What to work on:
If a line in the entries contains the word "Setting", list it.

Brief descriptive captions:

____

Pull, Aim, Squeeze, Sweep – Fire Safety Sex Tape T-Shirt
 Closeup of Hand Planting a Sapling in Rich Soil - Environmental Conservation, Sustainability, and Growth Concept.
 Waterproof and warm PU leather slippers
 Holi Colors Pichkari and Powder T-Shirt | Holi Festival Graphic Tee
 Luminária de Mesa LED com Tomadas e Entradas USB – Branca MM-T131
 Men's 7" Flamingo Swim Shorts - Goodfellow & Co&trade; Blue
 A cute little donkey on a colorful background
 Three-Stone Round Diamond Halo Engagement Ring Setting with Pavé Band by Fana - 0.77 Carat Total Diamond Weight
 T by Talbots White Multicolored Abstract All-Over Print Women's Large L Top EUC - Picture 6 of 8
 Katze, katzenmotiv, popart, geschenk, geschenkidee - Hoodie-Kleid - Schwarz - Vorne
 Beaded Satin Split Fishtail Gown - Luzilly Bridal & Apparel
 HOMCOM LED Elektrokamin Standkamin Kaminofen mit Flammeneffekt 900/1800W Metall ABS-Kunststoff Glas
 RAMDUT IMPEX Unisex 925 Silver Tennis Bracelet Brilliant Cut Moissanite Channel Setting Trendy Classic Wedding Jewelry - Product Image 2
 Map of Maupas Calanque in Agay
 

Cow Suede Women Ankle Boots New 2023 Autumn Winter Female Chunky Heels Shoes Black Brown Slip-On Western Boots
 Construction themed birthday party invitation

____

Answer for this exercise:
 Three-Stone Round Diamond Halo Engagement Ring Setting with Pavé Band by Fana - 0.77 Carat Total Diamond Weight
 RAMDUT IMPEX Unisex 925 Silver Tennis Bracelet Brilliant Cut Moissanite Channel Setting Trendy Classic Wedding Jewelry - Product Image 2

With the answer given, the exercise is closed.